Punch & Die Hogs – KC Cut
High Volume Biomass
In 1946, W.T.S. Montgomery invented and patented the Punch and Die Hog as a better way to extract higher value out of a variety of waste materials. In the late 1950’s he took things up a notch as a project for the Kimberly-Clark Corporation. The KC Series was developed to process greater volumes of material with an increased tolerance for the kinds of heavy tramp metal contaminants typcially found in the mill.
Cost effective and rugged, it quickly set the standard in producing efficient burn biomass for pulp and paper mills throughout the United States.
KC applications now include bark, mulch, plywood, particleboard, thick slabs and log butts, charcoal, railroad cross ties, pallets, light aluminum and copper scrap, corrugated paper, oil shale, industrial trash, automobile tires and tightly wound paper rolls and cores.
Across a broad spectrum of applications, it’s hard to beat the proven results of Montgomery.
The Punch and Die System
An Efficient Two-Stage Grind Using Only One Machine
The Punch and Die System provides a two-stage grind in a single machine. The first grind occurs when a set of rotating teeth (hammers) punch material through a series rectangular pockets formed by stationary dies (anvils). The teeth are secured to a spinning rotor assembly.

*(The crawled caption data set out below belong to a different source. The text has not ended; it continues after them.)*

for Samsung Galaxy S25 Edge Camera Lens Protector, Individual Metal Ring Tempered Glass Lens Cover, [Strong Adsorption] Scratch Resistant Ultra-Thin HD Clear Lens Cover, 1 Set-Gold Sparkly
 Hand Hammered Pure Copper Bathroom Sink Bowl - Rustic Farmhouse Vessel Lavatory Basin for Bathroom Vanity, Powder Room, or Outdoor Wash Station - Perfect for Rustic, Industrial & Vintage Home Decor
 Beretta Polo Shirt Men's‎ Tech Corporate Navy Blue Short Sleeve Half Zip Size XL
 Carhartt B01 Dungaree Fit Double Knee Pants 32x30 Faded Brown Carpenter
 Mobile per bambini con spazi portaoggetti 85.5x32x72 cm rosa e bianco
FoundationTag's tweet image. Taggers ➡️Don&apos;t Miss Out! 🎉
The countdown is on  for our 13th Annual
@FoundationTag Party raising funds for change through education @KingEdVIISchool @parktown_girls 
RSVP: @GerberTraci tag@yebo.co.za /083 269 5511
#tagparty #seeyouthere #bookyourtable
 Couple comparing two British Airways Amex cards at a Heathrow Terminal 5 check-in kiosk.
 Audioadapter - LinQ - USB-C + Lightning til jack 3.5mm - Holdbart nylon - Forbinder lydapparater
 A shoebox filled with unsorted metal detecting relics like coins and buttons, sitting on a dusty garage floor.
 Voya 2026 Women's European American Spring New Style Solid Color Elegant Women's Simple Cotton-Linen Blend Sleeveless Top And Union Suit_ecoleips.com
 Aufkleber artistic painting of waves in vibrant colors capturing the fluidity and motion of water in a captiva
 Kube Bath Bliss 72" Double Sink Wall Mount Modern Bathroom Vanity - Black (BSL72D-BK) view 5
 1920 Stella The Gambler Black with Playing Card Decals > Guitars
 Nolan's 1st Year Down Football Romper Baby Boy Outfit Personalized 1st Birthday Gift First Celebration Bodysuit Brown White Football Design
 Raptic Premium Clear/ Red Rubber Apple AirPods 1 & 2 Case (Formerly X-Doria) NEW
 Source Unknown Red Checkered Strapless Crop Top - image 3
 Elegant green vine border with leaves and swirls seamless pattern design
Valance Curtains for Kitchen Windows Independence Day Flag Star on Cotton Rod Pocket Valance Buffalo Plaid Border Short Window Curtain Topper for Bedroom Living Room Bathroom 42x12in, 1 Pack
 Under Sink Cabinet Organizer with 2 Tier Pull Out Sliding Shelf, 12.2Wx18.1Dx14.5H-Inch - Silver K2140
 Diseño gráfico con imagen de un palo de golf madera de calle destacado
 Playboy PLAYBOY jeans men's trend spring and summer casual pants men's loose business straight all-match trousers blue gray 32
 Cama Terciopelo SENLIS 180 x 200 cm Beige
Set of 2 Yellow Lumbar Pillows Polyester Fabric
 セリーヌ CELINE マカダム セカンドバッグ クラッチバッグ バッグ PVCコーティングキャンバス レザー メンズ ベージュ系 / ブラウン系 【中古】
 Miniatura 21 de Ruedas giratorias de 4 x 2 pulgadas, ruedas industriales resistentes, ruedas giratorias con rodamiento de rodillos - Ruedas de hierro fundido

The anvils are comprised of anvil points bolted to massive holders that are pinned to the side of the machine. The combination provides a deep pocket for the first stage cut.
A pattern of high and low teeth with large and small anvils keeps material moving with nowhere to hide, allowing the hog to rapidly process material with relentless efficiency. The KC cut employs three inch wide cutting teeth grinding against three inch wide stationary anvils. An overlap cut is built into the design to allow the successful processing of even soft, spongy or stringy material.
The second grind occurs after the material has been processed past the anvils and directed downward across a curved sizing screen. The screen openings can be made of various shapes and sizes to customize the end product. Steel bars (baffles) are typically added on larger sized holes to control the length of material that is allowed to get through. Baffles can be applied in varying configurations in order to optimize throughput while avoiding unwanted sticks and slivers that can clog pipes, jam screw conveyors, reduce boiler efficiency or degrade the salability of mulch.
When grinding bark for hogged fuel and for other coarse breakdown applications, a solid baffle screen with rectangular openings can be used to increase throughput and drive efficiency.
Hardsurfacing is applied to the leading edges and cutting surfaces to increase durability and extend economic life.
With a large number of screen configurations available, a Montgomery Hog can be adapted to variations in process requirements, including the seasonal rise and fall of moisture content in freshly harvested wood.
All screens are designed for easy removal and replacement.
Tramp Metal Protection
External Shear Bolts
In addition to assuring longer life, the rugged construction of a Montgomery Hog allows it to process light metal (1/4 inch and thinner), nails, small bolts and steel strapping.
Should something more substantial come between the teeth and anvil points, External Shear Bolts are used to protect the hog and mitigate the potential for damage.
The anvil points are bolted to a series of anvil holders that are individually secured to the lower housing and held in position by 1” diameter brass shear bolts. The shearing strength of each bolt is sufficient to carry loads encountered during normal operation but will shear if heavy tramp metal enters the hog, allowing the anvil holder to pivot away from the cutting chamber.
The pivoting anvil holder pushes outward on a screen trip latch mechanism, shearing the bolt on the locking bar that holds the trip latch in position. As the trip latch pivots away from the rotor, the hinged screen under the rotor drops away, allowing the tramp steel to clear the machine.
The pivoting trip latch also triggers a limit switch attached to the lower housing. The limit switch signal can be wired to shut down the hog and its infeed conveyor. It can also be wired to activate visual and/or audible signaling devices to alert operating personnel that the latch has tripped and requires resetting.
A hydraulic reset mechanism is available to provide mechanical advantage to pivot the screen back into position and facilitate easy resetting of the screen.
Protecting Your Investment
Processing high volumes of material with sandy or abrasive contaminates can act like a sandblasting operation on steel. In addition to welded hardsurfacing on the teeth, anvil points, anvil holders, screen, ring lugs and ring perimeters (optional), all KC Model Hogs incorporate abrasion resistant wear liners on all four sides of the cutting chamber. Like the other routine wear items on the hog, the wear liners are securely bolted into position but can be removed and replaced as needed.